Bidden voor de verloren kerk
„Ik bid nauwelijks meer voor de vervolgde kerk. Die redt het wel. Want Christus heeft beloofd dat Hij haar bewaart van de boze. Ik bid veel meer voor de verloren kerk, hier in dit welvarende Westen. Die dreigt te verdwijnen en die slaapt desondanks; ze is niet wakker te schudden.”
De hoogbejaarde baptist uit het Duitse Heimerzheim weet waarover hij spreekt. Tot zijn 59e woonde hij in Rusland. Zijn vader heeft hij nauwelijks gekend. Die verdween in de jaren dertig in de goelagarchipel, het onmetelijke gebied in Noord-Siberië waar honderden strafkampen waren. Vaders enige misdaad was dat hij koorleider was in een christelijke gemeente.

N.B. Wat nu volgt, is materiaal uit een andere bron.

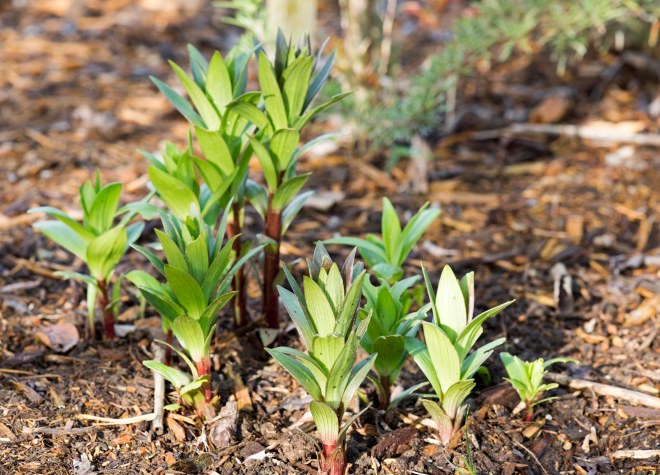 Asiatic Lilies_DSC_6787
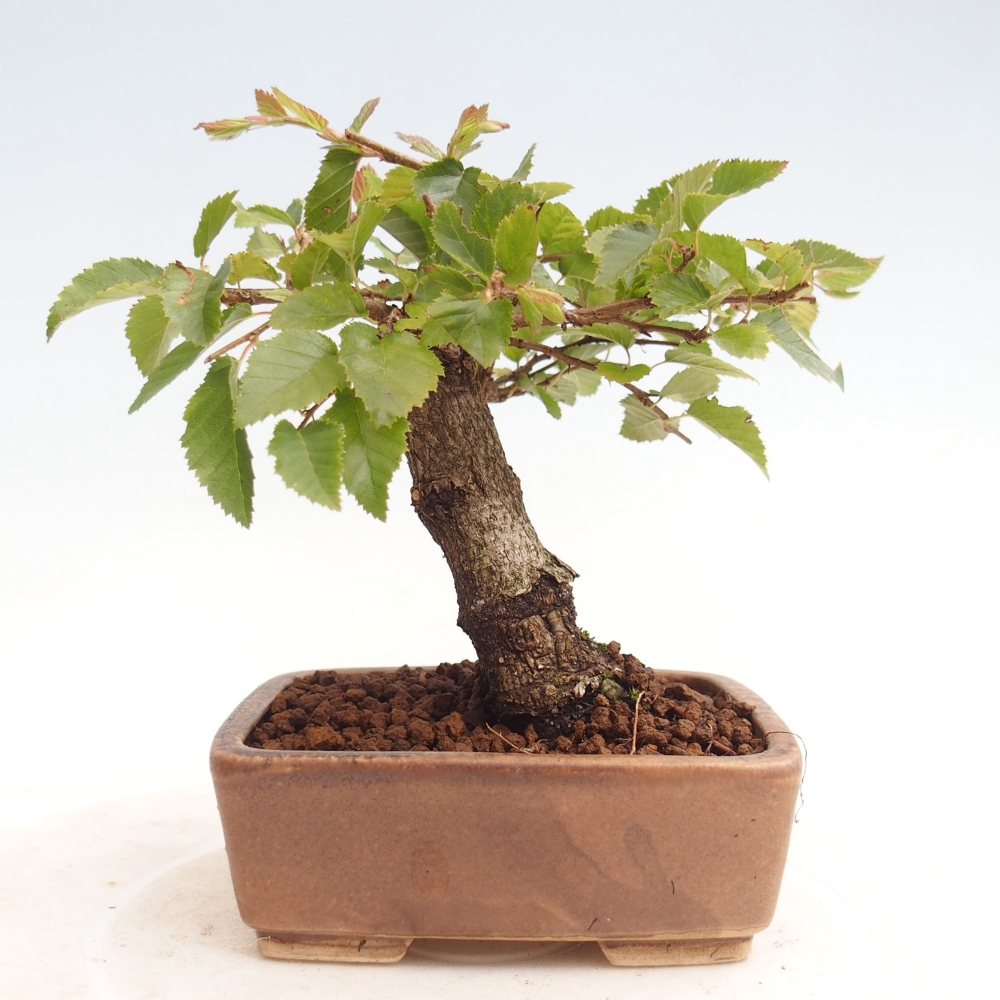 Na zewnątrz bonsai-Karpiny KARPINOWE - Koreański Grab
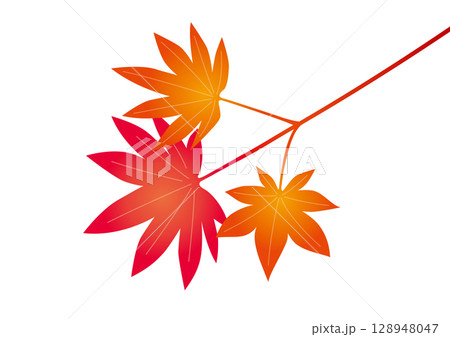 色づいた紅葉の枝 色づいた紅葉の枝 128948047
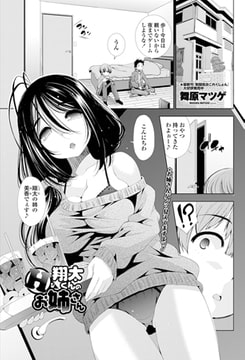 翔太くんのＨなお姉さん [辰巳出版]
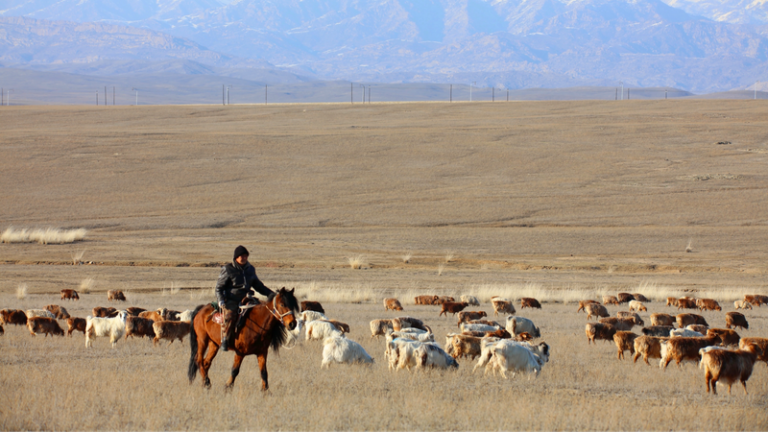 Altay_s_Pastures_Buzz_with_1M__Grazing_Livestock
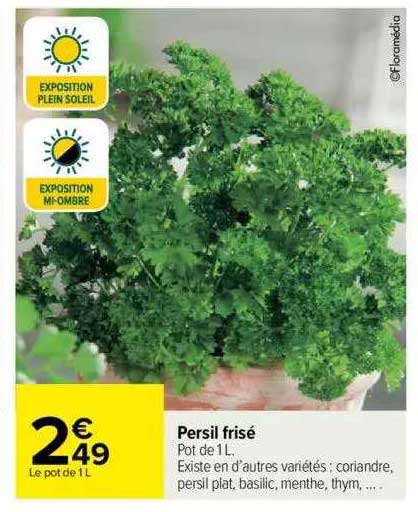 persil frisé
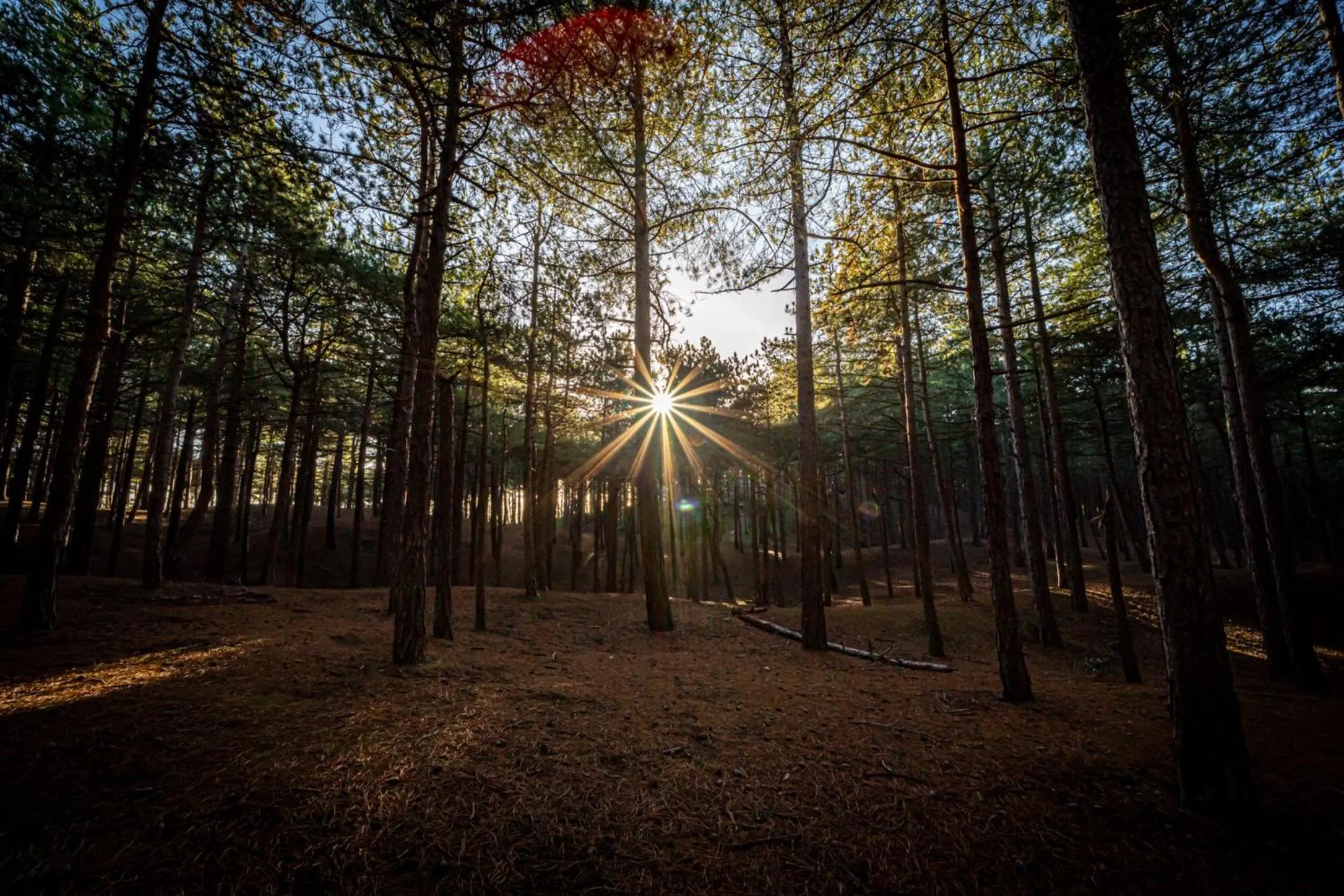 Day in Strandhotel Camperduin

Dankzij de toegewijde opvoeding van zijn moeder en van zijn bejaarde baboesjka was hij als kind onderwezen in de Bijbel. Op betrekkelijk jonge leeftijd had hij de Heere Jezus leren kennen en zich aangesloten bij de gemeente. Daar kreeg hij een belangrijke taak: de jeugd onderwijzen. Dat werk bracht hem achter de tralies. „Door Gods genade heb ik het geloof behouden. Het was zwaar, en tegelijk was het de gelukkigste tijd van mijn leven.”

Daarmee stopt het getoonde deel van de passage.